There were other nights when the volunteers would be at our home socializing (it seems a lot of card playing went on at our place) when the tones would sound from the scanner and the men would all jump into action, grabbing their gear from their vehicles and heading to the local fire station.
In our house, no matter what was happening, when the tone went off, the firefighter stopped what he was doing and answered the call. It came with a price — to family time, in personal expense and a general toll from the work itself. My stepfather failed in a lot of areas but I should give him credit for his dedication and service as a volunteer fireman.
What I realize is that in every case, whether sitting in the car waiting, left at home when the tone sounded, or watching a hose meet, my role was always to “stay out of the way and watch.”
It has only been in recent years this revelation helped me to understand why I am least likely to run toward an accident and highly unlikely to be of much assistance in a true emergency.
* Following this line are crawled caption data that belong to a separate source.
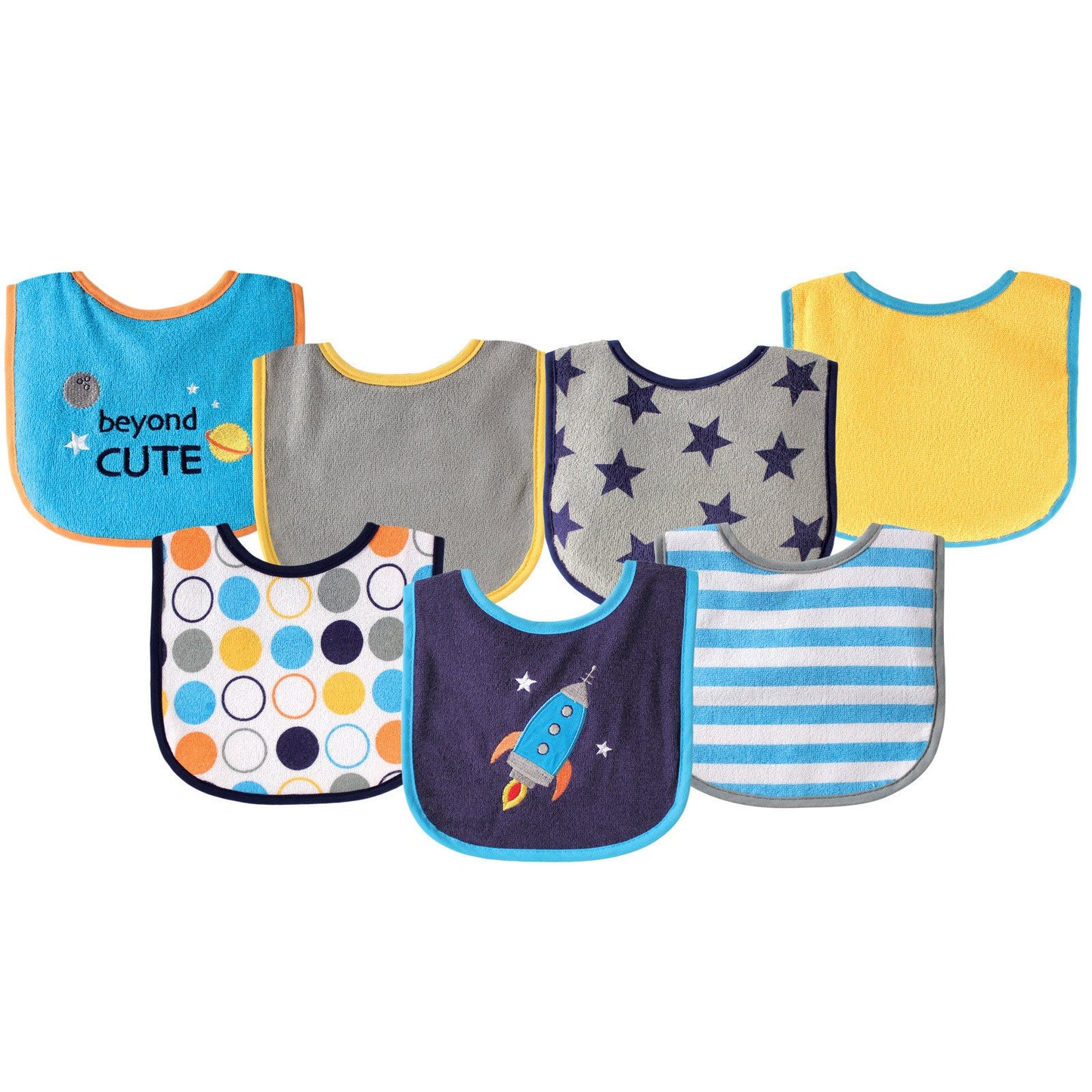 Luvable Friends Unisex Baby Cotton Terry Drooler Bibs With Peva Back, Blue Rocket, One Size
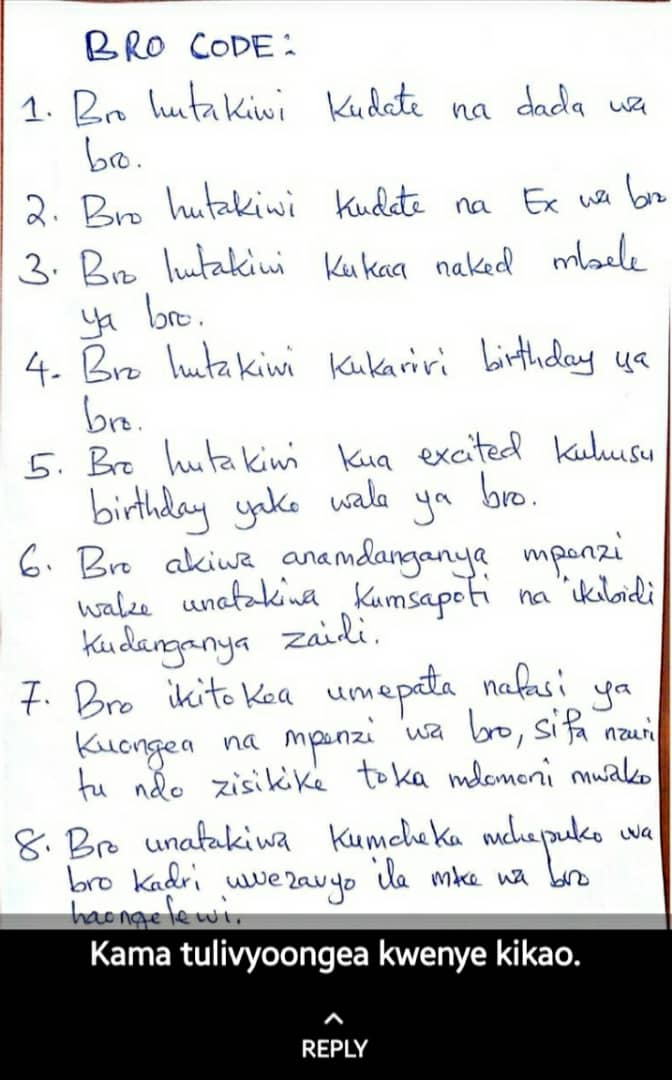 the_gifted_man's tweet photo. Bro Code

@MarekaMalili 
@LusakoWaKwanza 
@bajabiri 
@MhubiriWaTaifa 
@Vet_doctor87 https://t.co/JwZm1Ctf7O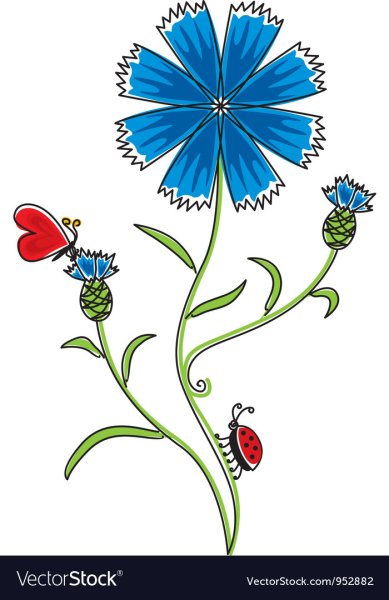 Васильки мультяшные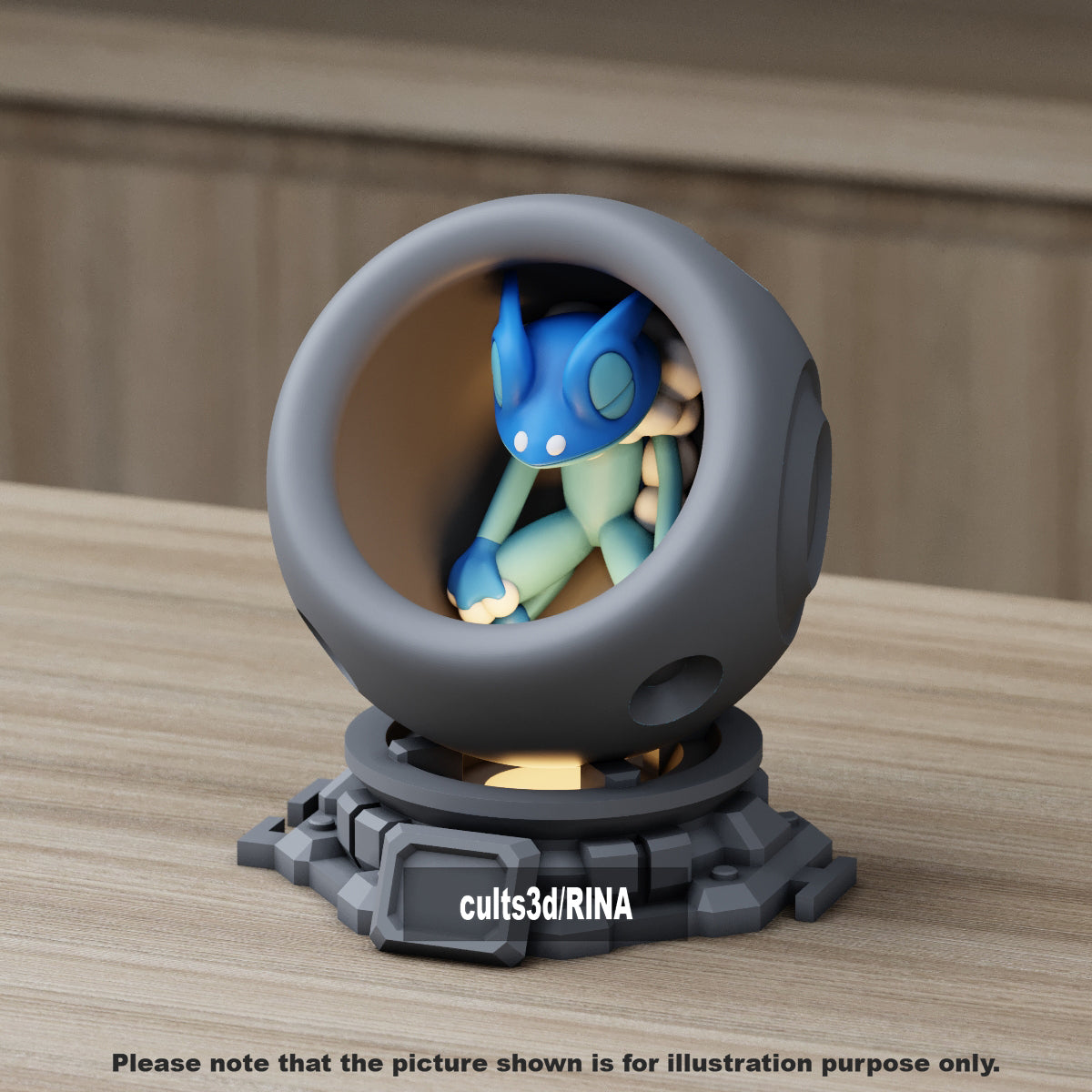 Medium - Single Metallic Translucent Color Resting Mon in a Pod stand with Puck Light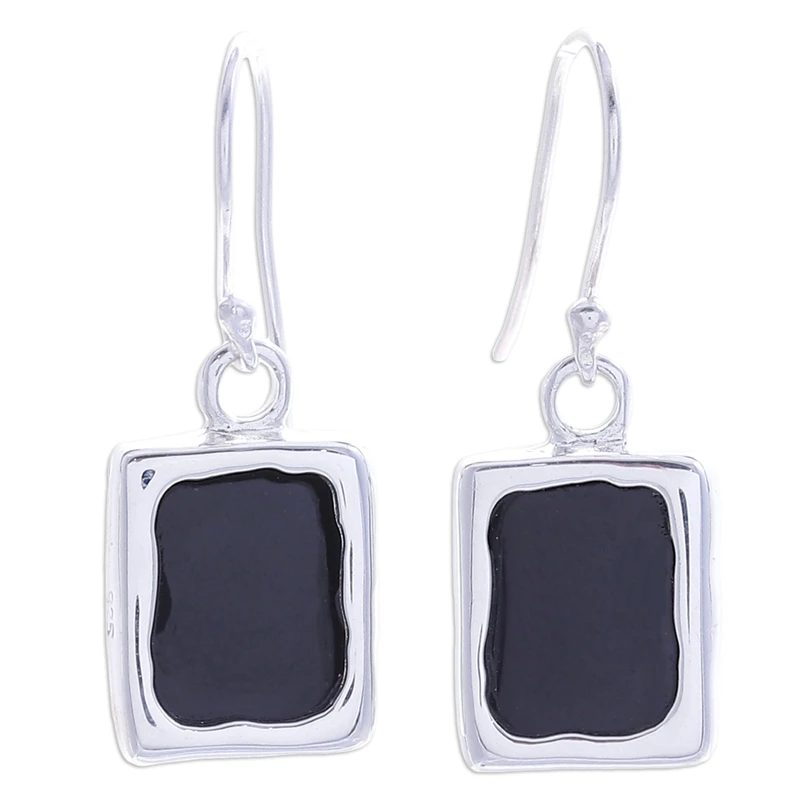 Moderne Ohrhänger aus geschwärztem Onyx und Sterlingsilber, quadratisch, handgefertigt, Geschenke für Mama & Sie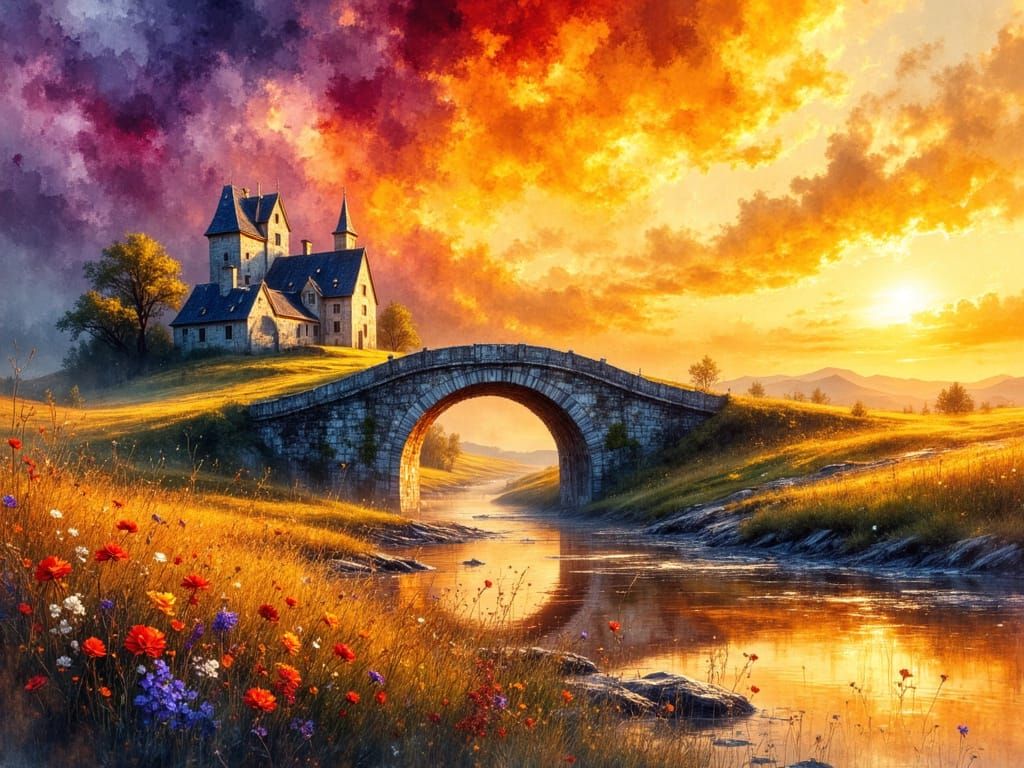 Stone Bridge Over Amber River in Watercolor Style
For years, I was taught to stand back and let others do the work. Although I am well versed in dialing (and I do mean dialing) 911.
As a result, I revere those in public safety and cannot ever express my gratitude for those willing to run into burning buildings and toward overturned vehicles. I admire those who are quick to react and willing to save lives, even when at risk of their own.
I have profound respect to those who step up and decide their calling is to don heavy clothing and equipment to fight the subsequent fires that breakout in the region. Fighting fire is an exhausting and dangerous vocation. I applaud and appreciate all who are up to the task.
So, it was a little heartbreaking to hear of the recent theft of gear and damage to the vehicle of a local volunteer.
According to the press release, posted on Yubanet.com out of North San Juan, which reads in part “… one of our battalion chiefs found his truck’s back and side windows broken and his NSJ gear stolen. This gear included his wildland pants and helmet, his structure turnout jacket, his web gear and fire shelter. These items are all obviously crucial for any firefighter to do his or her job and are very expensive to replace. A sheriff’s report has been filed. We want this gear back, no questions asked. We’re asking our community to please keep your eyes out for this stolen gear. Hopefully it will find its way back to our station.”
This past winter was long and wet. The result: lush vegetation. Now it is hot and it is dry. Day after day of unusually elevated temperatures means all that lush vegetation is drying out very quickly. This makes kiln dry conditions which creates heavy fuels, meaning we are at a higher than normal risk for disaster.
Many times over the years, when speaking with personnel from the California Fire Service, I would be told, “it’s not a matter of if California will burn, but when.” In the event of human error or mother nature landing a lightning strike, the state is ripe for a long and arduous fire season.
In recent times, we have been incredibly fortunate and have our local fire and emergency personnel to thank for quickly getting a handle on some situations that could easily have turned into much bigger events.
Organizations like the Nevada County Law Enforcement and Fire Protection Council raise money solely to provide our public safety personnel with the tools they need to do their job well. We owe them a great debt. It is a shame money will now need to be spent replacing perfectly good gear.
I cannot understand the thinking behind stealing the tools needed to save lives. The word that comes to mind is, karma. One can only hope.